WHAT THE EXERCISE ASKS> Retype all of the listing exactly, passing over any picture you find.

RAW DATA>
══════════

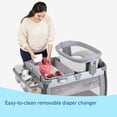thumbnail image 6 of Graco Pack 'n Play Sit 'N Grow Playard, Lenny, 6 of 9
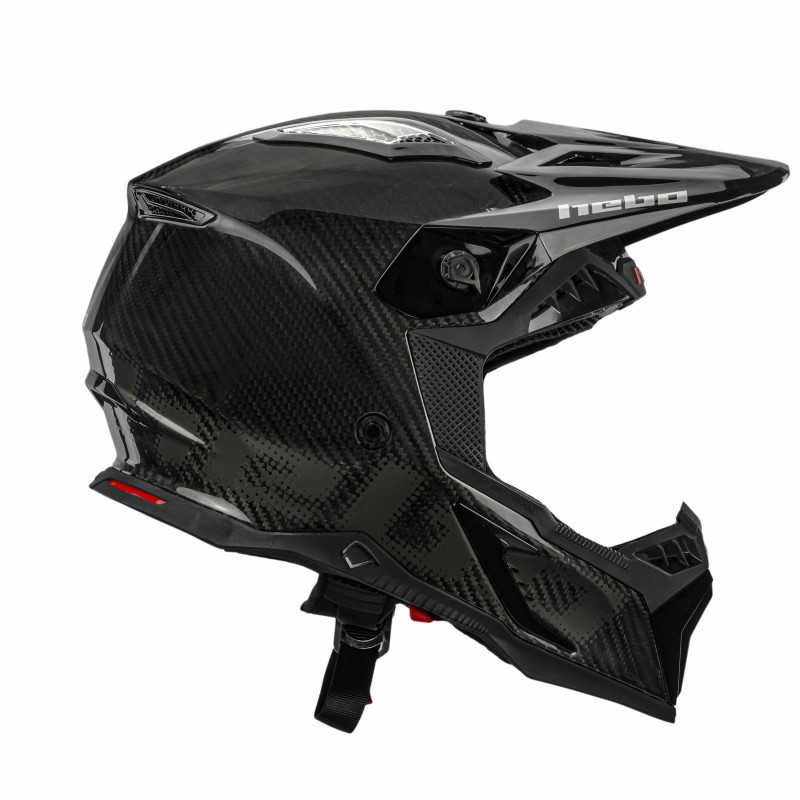 Casque HEBO Enduro Carbone K3 HMX C01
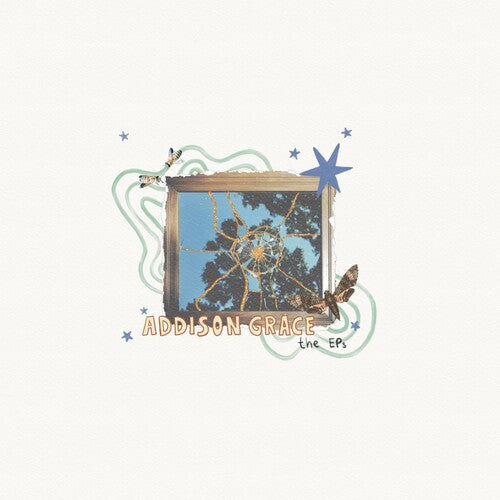Grace, Addison - The EPs (Vinyl)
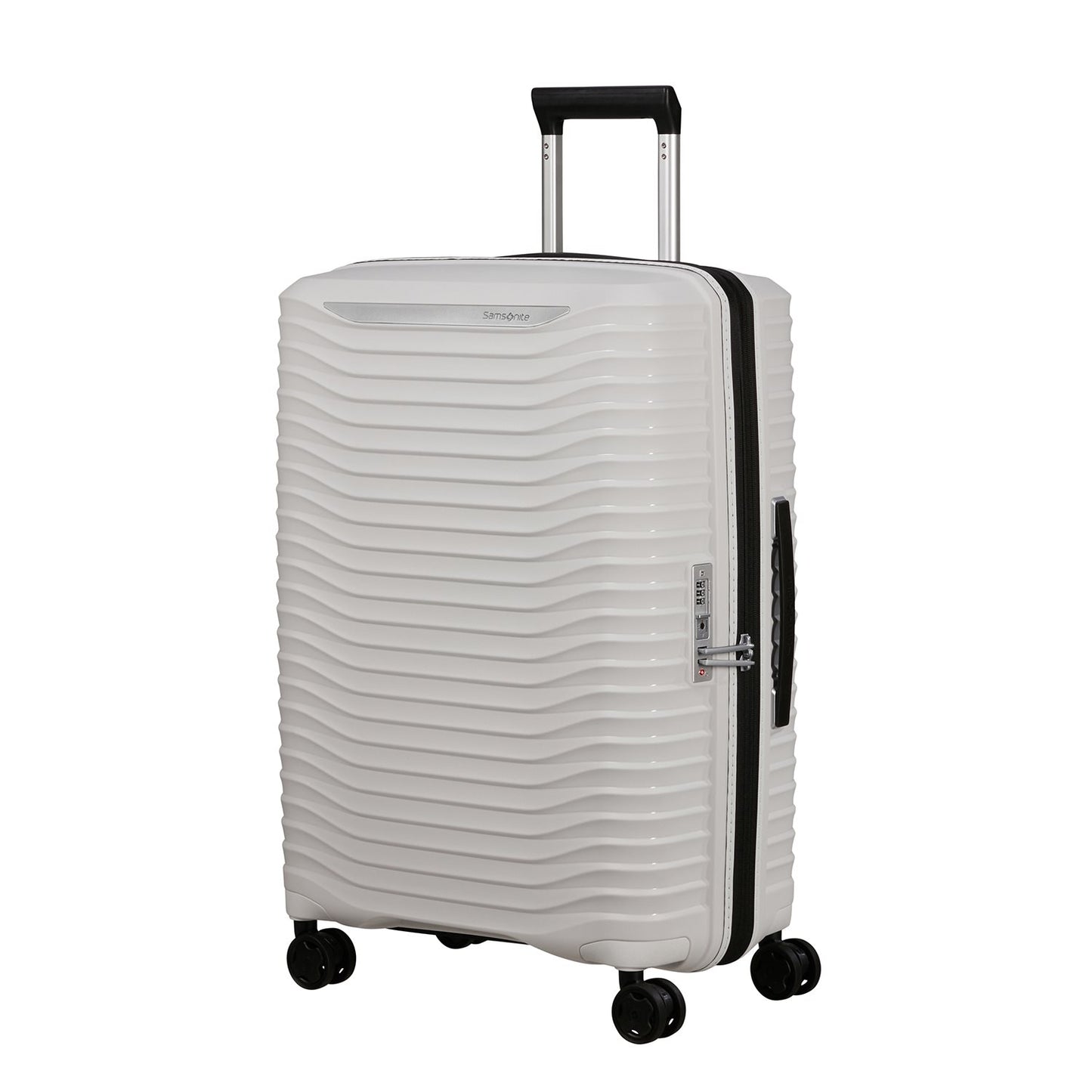 Samsonite Upscape Spinner 68 Exp cloud white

══════════

RESPONSE TO THIS EXERCISE>
thumbnail image 6 of Graco Pack 'n Play Sit 'N Grow Playard, Lenny, 6 of 9
 Casque HEBO Enduro Carbone K3 HMX C01
Grace, Addison - The EPs (Vinyl)
 Samsonite Upscape Spinner 68 Exp cloud white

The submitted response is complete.